Espalhadas pelo país, projetos voluntários vêm mudando a realidade do analfabetismo nas cidades brasileiras. A taxa de analfabetismo no Brasil, segundo o IBGE, vem diminuindo ao longo dos anos. Resultado que é mérito também de iniciativas como o Projeto Sal da Terra, que há mais de 30 anos ensina jovens e adultos, como Seu Jozé, a ler e escrever.

O esforço de voluntários, no entanto, não anula a responsabilidade do Estado sobre a realidade do analfabetismo no Brasil, que ainda persiste e deve ser enfrentada com políticas públicas. Essa é a avaliação da Quézia Flor. “Precisamos pensar que a alfabetização se trata de um direito.
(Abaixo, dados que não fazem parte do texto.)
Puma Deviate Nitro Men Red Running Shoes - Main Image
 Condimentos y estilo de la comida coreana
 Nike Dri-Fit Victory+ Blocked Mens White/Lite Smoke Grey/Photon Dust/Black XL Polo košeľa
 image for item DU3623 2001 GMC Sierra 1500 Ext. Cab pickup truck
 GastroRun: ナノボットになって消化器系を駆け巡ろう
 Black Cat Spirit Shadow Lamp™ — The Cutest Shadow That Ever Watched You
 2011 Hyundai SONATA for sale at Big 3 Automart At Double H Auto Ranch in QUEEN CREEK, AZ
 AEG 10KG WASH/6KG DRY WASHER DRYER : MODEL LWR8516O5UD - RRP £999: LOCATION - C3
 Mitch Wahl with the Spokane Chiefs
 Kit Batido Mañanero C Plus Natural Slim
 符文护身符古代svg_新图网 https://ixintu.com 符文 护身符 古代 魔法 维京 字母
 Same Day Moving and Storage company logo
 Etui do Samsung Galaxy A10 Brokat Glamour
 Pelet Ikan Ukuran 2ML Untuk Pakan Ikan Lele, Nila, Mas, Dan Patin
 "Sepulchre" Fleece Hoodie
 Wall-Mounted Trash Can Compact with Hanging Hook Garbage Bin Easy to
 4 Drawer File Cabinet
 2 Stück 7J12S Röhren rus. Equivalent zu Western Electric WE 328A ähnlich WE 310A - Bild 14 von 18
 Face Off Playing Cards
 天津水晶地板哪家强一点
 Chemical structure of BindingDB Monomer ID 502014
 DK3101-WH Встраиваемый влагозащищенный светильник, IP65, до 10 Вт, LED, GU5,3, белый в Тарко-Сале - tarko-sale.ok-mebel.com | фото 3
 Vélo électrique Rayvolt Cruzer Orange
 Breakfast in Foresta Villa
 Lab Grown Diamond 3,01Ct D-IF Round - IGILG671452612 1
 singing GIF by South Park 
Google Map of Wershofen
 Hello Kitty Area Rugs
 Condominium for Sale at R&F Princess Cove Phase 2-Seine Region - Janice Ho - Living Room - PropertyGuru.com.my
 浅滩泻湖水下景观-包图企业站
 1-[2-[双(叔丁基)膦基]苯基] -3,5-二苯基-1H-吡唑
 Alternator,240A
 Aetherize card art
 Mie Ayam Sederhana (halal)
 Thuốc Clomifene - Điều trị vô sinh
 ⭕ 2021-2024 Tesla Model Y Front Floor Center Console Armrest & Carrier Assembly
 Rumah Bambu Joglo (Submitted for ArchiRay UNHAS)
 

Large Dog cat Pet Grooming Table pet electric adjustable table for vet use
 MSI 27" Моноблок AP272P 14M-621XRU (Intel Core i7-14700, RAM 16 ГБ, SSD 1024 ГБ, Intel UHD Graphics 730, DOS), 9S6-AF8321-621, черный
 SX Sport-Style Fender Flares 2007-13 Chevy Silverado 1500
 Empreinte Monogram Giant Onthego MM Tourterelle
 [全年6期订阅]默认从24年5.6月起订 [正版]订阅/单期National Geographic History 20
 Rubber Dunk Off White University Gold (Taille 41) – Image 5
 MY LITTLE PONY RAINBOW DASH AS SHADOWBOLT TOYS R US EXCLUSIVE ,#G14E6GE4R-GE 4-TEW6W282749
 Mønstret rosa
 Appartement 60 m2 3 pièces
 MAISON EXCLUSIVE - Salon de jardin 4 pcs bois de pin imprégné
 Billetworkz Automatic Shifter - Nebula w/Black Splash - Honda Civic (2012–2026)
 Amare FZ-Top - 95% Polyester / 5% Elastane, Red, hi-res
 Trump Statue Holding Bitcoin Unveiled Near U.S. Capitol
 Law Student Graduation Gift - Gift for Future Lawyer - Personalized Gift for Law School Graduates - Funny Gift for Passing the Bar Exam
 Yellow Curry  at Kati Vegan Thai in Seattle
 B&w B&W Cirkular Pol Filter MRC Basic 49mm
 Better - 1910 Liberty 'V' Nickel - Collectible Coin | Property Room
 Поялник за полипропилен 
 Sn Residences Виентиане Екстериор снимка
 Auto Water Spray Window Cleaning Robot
E sendo um direito, não podemos negociar”, afirma.

Para a especialista, entre as ações necessárias para ampliar e garantir o acesso de adultos e idosos à escola estão: a busca ativa das pessoas que ainda não são alfabetizadas, uma ação intersetorial para conscientizar sobre a importância da escolarização e uma formação inicial e continuada.

A reportagem entrou em contato com a Secretaria de Estado da Educação para saber quais ações de enfrentamento e combate ao analfabetismo são feitas na Paraíba, mas até a publicação desta matéria não teve retorno.

Quem está em sala?

As turmas do Projeto Sal da Terra são formadas após um convite dos próprios professores voluntários, que moram na mesma região dos alunos e conhecem a realidade deles de perto. Conheça alguns estudantes da turma de Bayeux:

Dona Maria de Jesus tem 46 anos e é empregada doméstica. Ela conta que antes de aprender a ler era "cega para a vida" e que hoje, mesmo sabendo pouco, tem mais autonomia. "Agora eu escrevo meu nome, leio o nome de um ônibus e sei o nome do remédio da minha irmã. Eu tô muito feliz".

Severino Ferreira da Silva tem 62 anos e é aposentado. Antes de participar do Projeto Sal da Terra ele chegou a frequentar uma escola, de ensino regular. Mas relatou sentir dificuldade em acompanhar o ritmo da turma, que era mais jovem. "Aqui eu me sinto bem", conta.

Lucinaldo dos Santos, 44 anos, é pescador. Ao Portal T5, ele contou que tinha vergonha de não saber ler e escrever o próprio nome. Mas hoje essa realidade está mudando. "Eu gosto de estar aqui, faço de tudo pra não faltar".